XPath 表达式对 //element 不返回任何内容,但 //* 返回一个计数
我将 XOM 与以下示例数据一起使用:
Element root = cleanDoc.getRootElement();
//find all the bold elements, as those mark institution and clinic.
Nodes nodes = root.query("//*");
<html xmlns="http://www.w3.org/1999/xhtml" xmlns:html="http://www.w3.org/1999/xhtml">
<head>
<title>Patient Information</title>
</head>
</html>
以下元素返回许多元素(来自真实数据):
//*
但类似“
//head
不返回任何内容”。
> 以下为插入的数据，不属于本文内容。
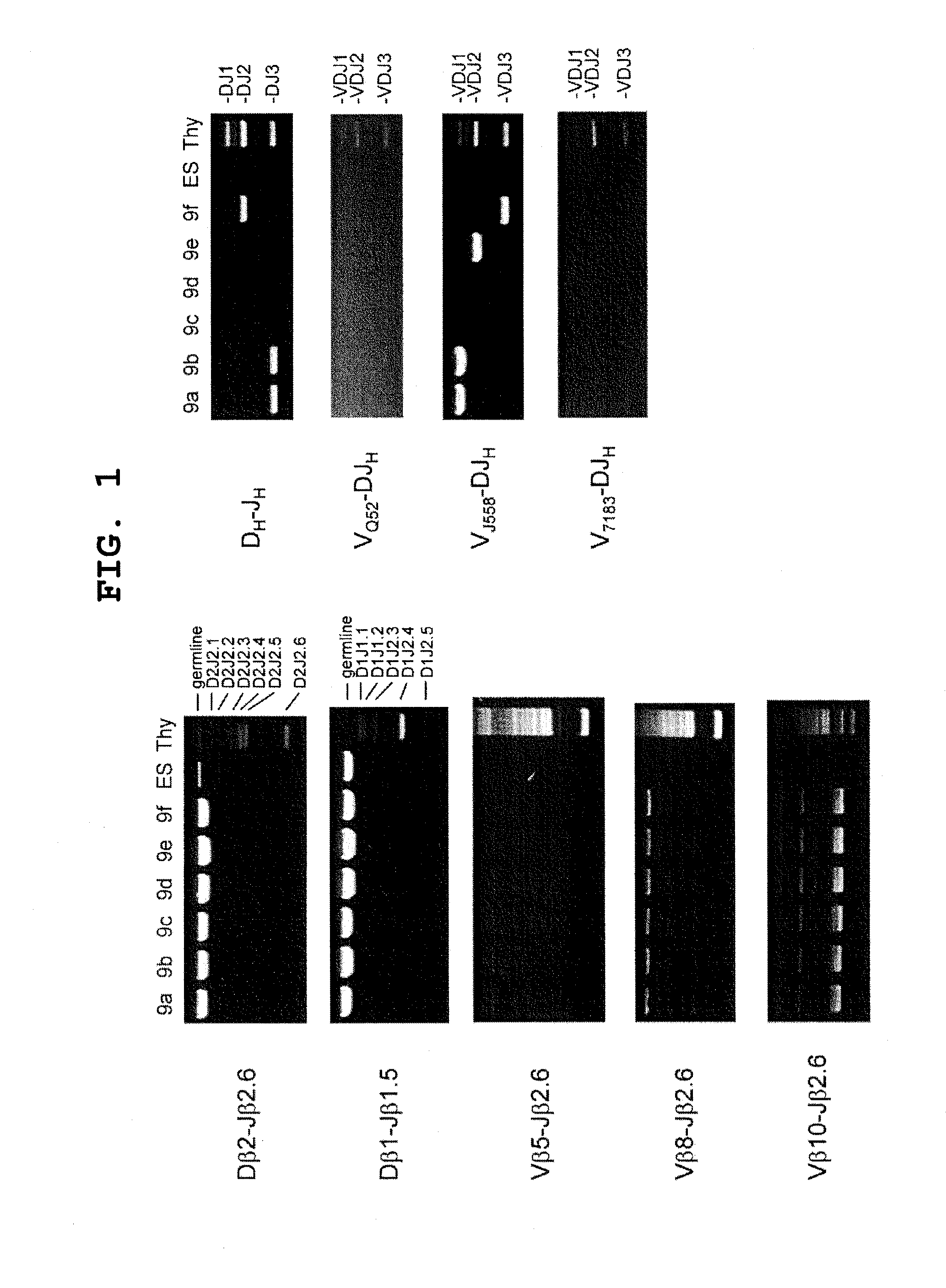 B cell-derived ips cells and application thereof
如果我遍历根的子元素,数字似乎是匹配的,如果我打印元素名称,一切看起来都是正确的。
我正在获取 HTML,使用 tagoup 对其进行解析,然后从结果字符串构建 XOM 文档。其中哪一部分会出现如此严重的错误?我觉得这里发生了一些奇怪的编码问题,但我只是没有看到它。 Java 字符串就是字符串,对吗?
I'm using XOM with the following sample data:
Element root = cleanDoc.getRootElement();
//find all the bold elements, as those mark institution and clinic.
Nodes nodes = root.query("//*");
<html xmlns="http://www.w3.org/1999/xhtml" xmlns:html="http://www.w3.org/1999/xhtml">
<head>
<title>Patient Information</title>
</head>
</html>
The following element returns many elements (from real data):
//*
but something like
//head
Returns nothing. If I run through the children of the root, the numbers seem to match up, and if I print the element name, everything seems to look correct.
I'm taking HTML, parsing it with tagsoup, and then building a XOM Document from the resulting string. What part of this could go so horribly wrong? I feel there's some weird encoding issue going on here, but I'm just not seeing it. Java Strings are Strings, right?
如果你对这篇内容有疑问,欢迎到本站社区发帖提问 参与讨论,获取更多帮助,或者扫码二维码加入 Web 技术交流群。
绑定邮箱获取回复消息
由于您还没有绑定你的真实邮箱,如果其他用户或者作者回复了您的评论,将不能在第一时间通知您!
发布评论
评论(1)
您的文档有一个默认名称空间,这意味着在 XPath 模型中,所有元素都位于该名称空间中。
查询应为
//html:head
。您必须提供到 XPath 查询的命名空间映射。请注意,虽然 XPath 表达式使用命名空间前缀,但必须匹配命名空间 uri。
Your document has a default namespace, which means in the XPath model all the elements are in that namespace.
The query should be
//html:head
. You will have to supply the namespace mapping to the XPath query.Note that while the XPath expression uses a namespace prefix, it is the namespace uri that must match.